EL DERECHO A HACER JUSTICIA

  • El asesinato de Kurt Wilckens |

El periodista escuchaba atento y tomaba nota mientras observaba el rostro y la expresión calma del alemán. Hablaba sin prisas, con tono pausado: «Yo he procedido en nombre de un ideal de humanidad, de un ideal grande y puro por el cual acepto gustoso el sacrificio». Era el 3 de febrero de 1923 y, desde la Penitenciaría Nacional, el diario Crítica entrevistaba al hombre que había sido noticia pocos días atrás. La figura en cuestión era el anarquista Kurt Gustav Wilckens, responsable de la muerte del teniente coronel Héctor Benigno Varela, ejecutor impune de la matanza de obreros rurales en el sur argentino que pasaría a la historia como la Patagonia Trágica.

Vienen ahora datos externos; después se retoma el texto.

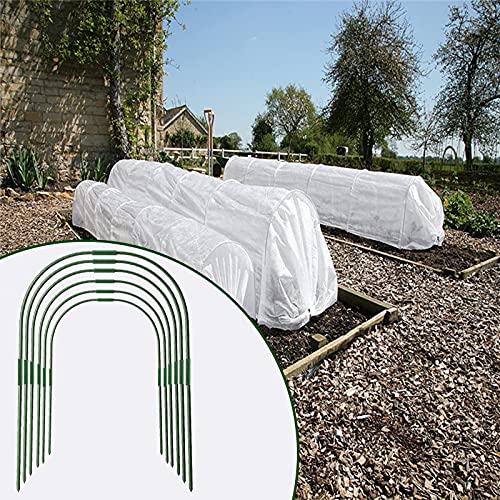 Mokyler 6 Stück Gewächshaus-Ringe, Gartentunnel-Pflanzenstützen,...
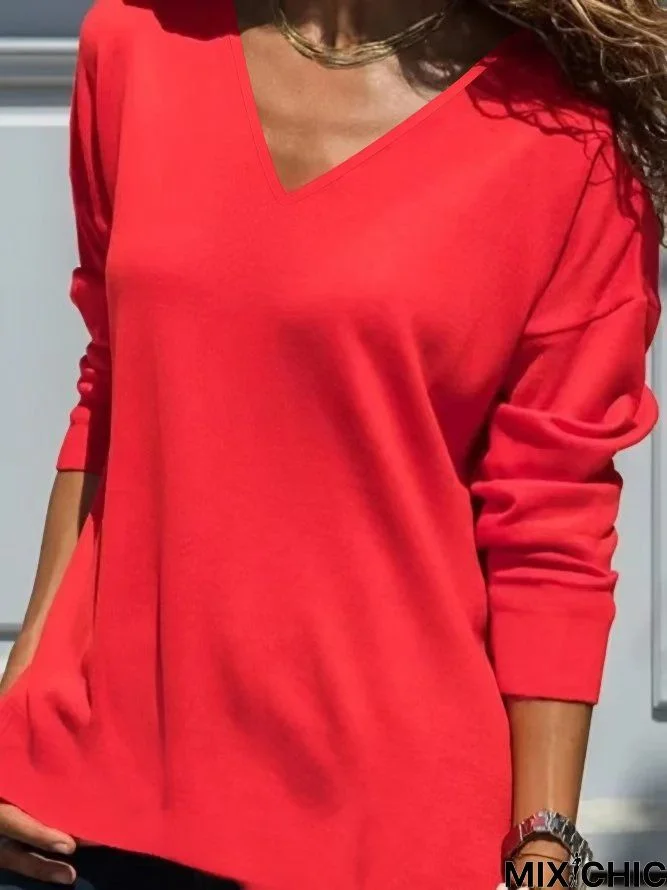 Women Casual Top Tunic Blouse T-shirt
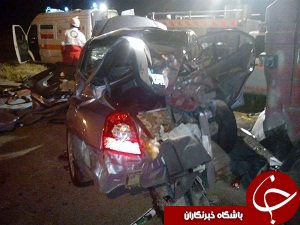 یک کشته و 4 مصدوم در سانحه تصادف هیوندا آوانته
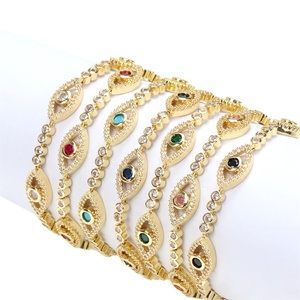 <span class=keywords><strong>2022</strong></span> Offre Spéciale turquie mauvais yeux Bracelets bijoux mode femmes plaqué or fille bijoux en gros - Product Image 1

De ideas tolstoianas y pacifistas, Wilckens creía en la desobediencia civil como forma de resistencia al abuso y la violencia del poder. Conocedor de que la Justicia y las elites dominantes son una sola cosa, entendía que es responsabilidad del pueblo transgredir las normas impuestas y hacer justicia por mano propia cuando fuera necesario. Fue por eso que, la mañana del 27 de enero de 1923, decidió esperar al militar en la puerta de su casa, frente a los regimientos 1 y 2 de Infantería de Palermo. Tiempo después escribiría en una carta sobre este hecho: «No fue venganza: yo no vi en Varela al insignificante oficial. No, él era todo en la Patagonia: Gobierno, juez, verdugo y sepulturero. Intenté herir en él al ídolo desnudo de un sistema criminal”.

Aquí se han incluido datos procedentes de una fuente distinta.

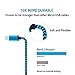USB Micro Cable, AILIKN (5- Pack 6FT) Android Charging Cords Nylon Braided Extension Cord Compatible with Samsung Galaxy S7 S6 J7 Edge Note 5, Kindle MP3 and More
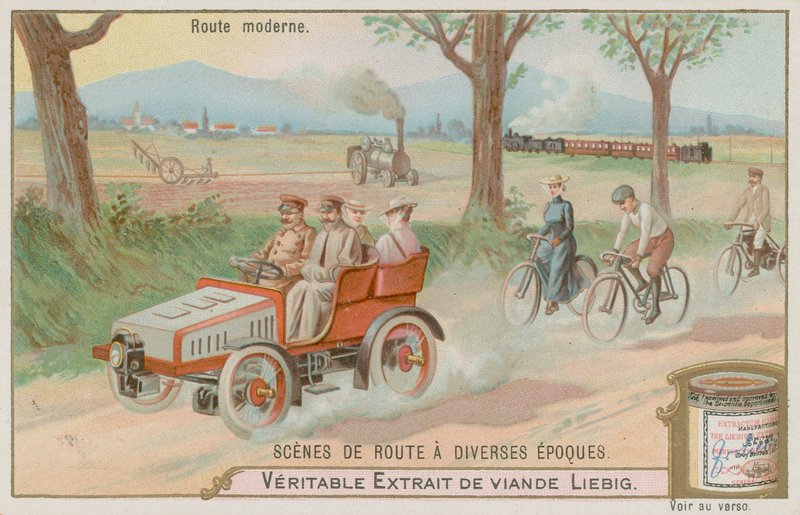 Una Strada Moderna del XIX Secolo da European School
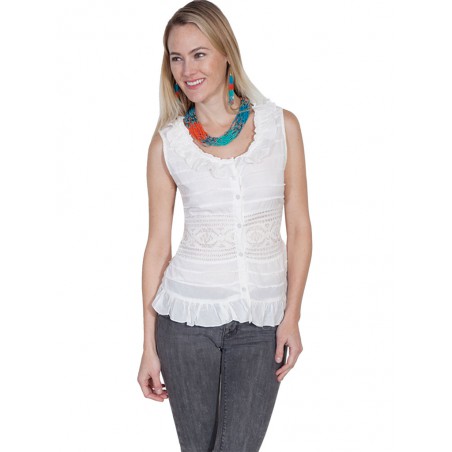 Camicia Scully Leather PSL-135 WHT
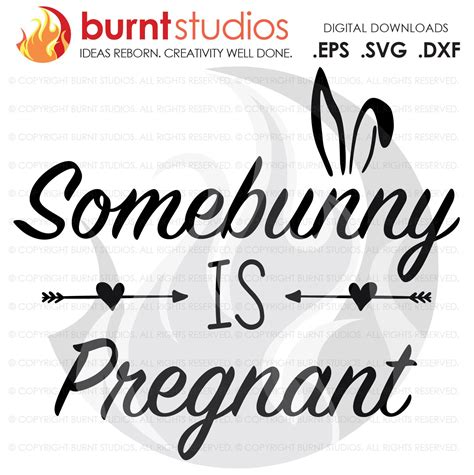 Download SVG Cutting File, Some Bunny is Pregnant, Easter, Jesus, Christian, Faith, Cross, Bible, Belief ...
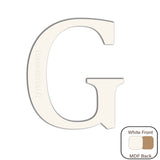 White Engraved Wooden Alphabet Letters - Laserworksuk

Meses más tarde, el 15 de junio, Wilckens fue asesinado en su celda. El autor fue Jorge Ernesto Pérez Millán, miembro del grupo ultraderechista y paramilitar Liga Patriótica Argentina. Gracias a la complicidad de las autoridades de la prisión, que le permitieron ingresar disfrazado, Pérez Millán aprovechó que el alemán dormía para dispararle. Amparado por influencias y apoyos del poder, fue trasladado a un hospicio donde planeaba pasar sus próximos años en paz. Pero no todo saldría como lo esperaba. Dos años después, mientras leía una carta de su jefe y aguardaba el desayuno, otro interno, Esteban Lucich, se acercó con una bandeja. Tras dejársela, sacó un revólver y le dejó un mensaje: «Esto te lo manda Wilckens». Luego, le disparó en el pecho.

Observando al hombre de Crítica, el anarquista estiró la mano y le pidió un cigarro. “Hace diez días que no fumo”, dijo para luego dar una larga pitada. Satisfecha su ansiedad, escribió el periodista, recobró su aspecto plácido y entablaron una conversación que apuntó rápidamente hacia los diversos comentarios que habían surgido en la sociedad sobre sus actos. A esto, respondió: “Es natural. Los militares y la burguesía no pueden justificar mi actitud, pero la verdadera opinión pública es la del pueblo”. Décadas después, el anarquista alemán sigue siendo considerado un «hijo del pueblo»; a Varela, el fusilador fusilado, en cambio, solamente lo recordaron con una placa en su tumba los beneficiados por su matanza, los “británicos residentes en Santa Cruz”. Dicen que, en la historia, tarde o temprano, triunfa siempre la ética.